A rede local apresenta ainda características típicas da proximidade física, havendo uma imersão por parte do turista no contexto cultural, econômico e social da localidade, e é essa experiência vivida no local que é “levada” para o global: a imagem do destino, a soma das experiências vividas e dos serviços usufruídos. E, como o destino não possui grandes resorts, onde os turistas ficam isolados do convívio com a população, eles se integram à comunidade.

Passamos a nos questionar quais as vantagens percebidas pelos empresários por estarem localizados em Aracati e integrarem essa rede de tantos nós. Um pequeno número de entrevistados, 3,3%, afirmou não haver nenhuma vantagem. Os demais entrevistados entendem que integram uma rede em um destino turístico de grande movimentação e de belezas paisagísticas importantes. Como visto anteriormente, muitos escolheram viver no destino turístico por sua beleza e energia, ficando evidente o envolvimento afetivo dos entrevistados com o lugar, mesmo daqueles que são “forasteiros”.

Os entrevistados não descreveram ações de estímulo do poder público para o desenvolvimento da destinação, existência de infraestrutura, oferta de capacitação para a mão de obra local.

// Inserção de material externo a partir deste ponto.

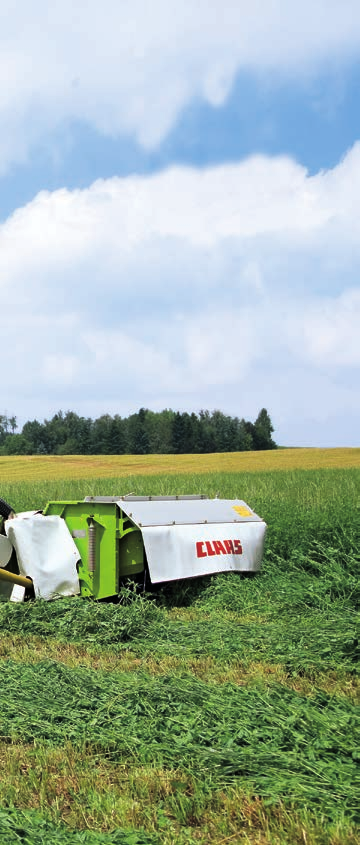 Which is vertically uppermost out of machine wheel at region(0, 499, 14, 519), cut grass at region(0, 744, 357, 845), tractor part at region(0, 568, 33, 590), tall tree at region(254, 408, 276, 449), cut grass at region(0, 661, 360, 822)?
tall tree at region(254, 408, 276, 449)

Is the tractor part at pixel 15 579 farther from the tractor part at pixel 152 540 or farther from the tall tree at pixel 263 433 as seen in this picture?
the tall tree at pixel 263 433

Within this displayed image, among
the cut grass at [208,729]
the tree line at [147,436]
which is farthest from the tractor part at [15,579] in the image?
the tree line at [147,436]

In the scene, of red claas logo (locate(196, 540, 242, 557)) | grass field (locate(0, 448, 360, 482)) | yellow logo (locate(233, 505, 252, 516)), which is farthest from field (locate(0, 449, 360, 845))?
grass field (locate(0, 448, 360, 482))

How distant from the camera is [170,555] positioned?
752cm

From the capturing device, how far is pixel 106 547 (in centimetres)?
727

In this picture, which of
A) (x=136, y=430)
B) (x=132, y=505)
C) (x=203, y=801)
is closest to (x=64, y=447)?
(x=136, y=430)

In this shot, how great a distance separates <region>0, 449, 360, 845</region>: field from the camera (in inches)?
114

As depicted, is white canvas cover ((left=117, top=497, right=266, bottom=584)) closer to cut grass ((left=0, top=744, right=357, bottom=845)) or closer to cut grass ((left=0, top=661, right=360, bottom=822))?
cut grass ((left=0, top=661, right=360, bottom=822))

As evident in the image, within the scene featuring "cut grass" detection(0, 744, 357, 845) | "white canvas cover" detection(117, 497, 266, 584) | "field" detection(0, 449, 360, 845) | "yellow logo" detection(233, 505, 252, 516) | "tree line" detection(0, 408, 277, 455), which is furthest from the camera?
"tree line" detection(0, 408, 277, 455)

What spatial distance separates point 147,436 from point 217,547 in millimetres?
61941

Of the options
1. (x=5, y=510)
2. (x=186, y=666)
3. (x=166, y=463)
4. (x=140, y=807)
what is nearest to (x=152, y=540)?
(x=5, y=510)

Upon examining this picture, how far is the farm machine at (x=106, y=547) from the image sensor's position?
7055 mm

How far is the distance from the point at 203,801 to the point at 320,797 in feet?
1.51

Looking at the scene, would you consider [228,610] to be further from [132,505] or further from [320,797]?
[320,797] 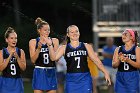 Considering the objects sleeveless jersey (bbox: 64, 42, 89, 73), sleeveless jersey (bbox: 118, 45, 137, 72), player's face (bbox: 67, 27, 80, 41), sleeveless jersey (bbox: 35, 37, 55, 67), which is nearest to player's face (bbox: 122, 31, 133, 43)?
sleeveless jersey (bbox: 118, 45, 137, 72)

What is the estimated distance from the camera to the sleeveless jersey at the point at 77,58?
10.5 meters

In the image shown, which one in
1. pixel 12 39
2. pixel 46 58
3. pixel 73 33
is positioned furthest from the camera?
pixel 46 58

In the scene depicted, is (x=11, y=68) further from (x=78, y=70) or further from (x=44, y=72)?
(x=78, y=70)

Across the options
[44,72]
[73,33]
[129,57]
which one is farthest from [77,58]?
[129,57]

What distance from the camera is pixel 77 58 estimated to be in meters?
10.5

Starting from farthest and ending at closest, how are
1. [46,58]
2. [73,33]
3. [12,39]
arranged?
1. [46,58]
2. [12,39]
3. [73,33]

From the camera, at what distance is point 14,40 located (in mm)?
10797

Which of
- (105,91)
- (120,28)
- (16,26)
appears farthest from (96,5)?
(16,26)

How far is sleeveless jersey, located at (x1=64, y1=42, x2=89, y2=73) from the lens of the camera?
10508 millimetres

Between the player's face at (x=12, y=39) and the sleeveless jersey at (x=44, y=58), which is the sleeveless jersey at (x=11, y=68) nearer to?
the player's face at (x=12, y=39)

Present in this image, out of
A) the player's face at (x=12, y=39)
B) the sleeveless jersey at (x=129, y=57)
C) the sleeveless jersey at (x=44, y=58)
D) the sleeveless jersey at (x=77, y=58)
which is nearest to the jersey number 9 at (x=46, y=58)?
the sleeveless jersey at (x=44, y=58)

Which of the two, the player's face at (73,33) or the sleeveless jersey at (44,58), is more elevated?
the player's face at (73,33)

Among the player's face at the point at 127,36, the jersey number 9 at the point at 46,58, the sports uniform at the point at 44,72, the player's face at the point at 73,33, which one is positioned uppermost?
the player's face at the point at 73,33

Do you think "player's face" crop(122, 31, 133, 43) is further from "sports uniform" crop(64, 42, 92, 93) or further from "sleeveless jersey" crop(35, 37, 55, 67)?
"sleeveless jersey" crop(35, 37, 55, 67) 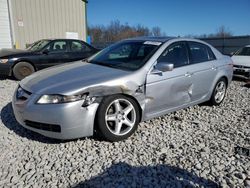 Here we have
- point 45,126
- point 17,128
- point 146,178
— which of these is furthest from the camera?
point 17,128

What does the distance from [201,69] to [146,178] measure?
8.16 ft

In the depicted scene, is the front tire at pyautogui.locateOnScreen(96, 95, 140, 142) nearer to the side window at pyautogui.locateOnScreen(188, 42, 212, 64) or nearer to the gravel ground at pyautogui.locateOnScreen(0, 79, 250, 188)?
the gravel ground at pyautogui.locateOnScreen(0, 79, 250, 188)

Percebemos que tanto as vantagens como os fatores que motivaram a instalação estão ligados fortemente à paisagem, ao clima e à cultura do lugar. Sabemos que talvez o fator beleza não seja suficiente para desenvolver e manter uma destinação turística. Os investimentos em destinos turísticos são contínuos e buscam sempre agregar novos atrativos aos já consolidados. Mesmo destinos turísticos sólidos, como a cidade de Paris, investem em inovações, em atrativos diferentes, em exposições e em eventos que tragam visibilidade para o lugar. Um bom exemplo disso é a Expo Milão, em 2015; o evento atraiu olhares para o destino e incorporou novos conceitos, como a sustentabilidade, a um destino já consolidado.

Finalizando essa parte dos resultados, gostaríamos de avaliar a existência de desvantagens na escolha da localização do negócio. Ao perguntarmos sobre as desvantagens de a empresa estar localizada em Aracati, apenas 9,9% afirmam não haver nenhuma desvantagem. Os entrevistados apresentam, como respostas, fatores que são comumente analisados na fase de implantação do negócio, tais como falta de segurança pública, inexistência de infraestrutura adequada, ausência de ações do poder público, desorganização dos atores locais, grande concorrência e existência de poucos fornecedores de insumos, totalizando 51,7% das respostas totais.

Acreditamos que, como a escolha da localização e mesmo da atividade em que investir está associada à decisão de viver no lugar ou à necessidade de empreender, alguns fatores relevantes na análise de investimentos são colocados em segundo plano, aparecendo muitas vezes quando o negócio já está em funcionamento, sendo esse mais um aspecto da dinâmica do turismo na comunidade.

6 ELEMENTOS OU ATORES DA REDE E SUAS RELAÇÕES

Sabe-se, através da obra de Castells (1999), que ocorrem a inexistência de mão de obra globalizada e migração cada vez maior, aumentando a multiplicidade dos lugares. O principal destino turístico de Aracati foi forjado por essa multiplicidade. Visitada por estrangeiros, em sua maioria europeus, aventureiros e desbravadores, adotou como símbolo a lua e a estrela, de origem muçulmana, incorporando-a à sua identidade.

Em fases anteriores desta pesquisa, observamos que um número significativo de estrangeiros fixou residência, constituiu vínculos familiares e investiu na localidade. Os avanços de comunicação e transporte, segundo Castells (1999, p. 172), permitem que os migrantes atualmente “vivam entre um e outro país”, refazendo o caminho inicial dezenas de vezes.

A atividade turística “estimulou” que muitos nativos também investissem na atividade, fazendo com que muitos outros empregos fossem gerados na comunidade, aumentando a demanda por mão de obra qualificada, com fluência nos idiomas dos visitantes e apta a interagir com as novas tecnologias de comunicação.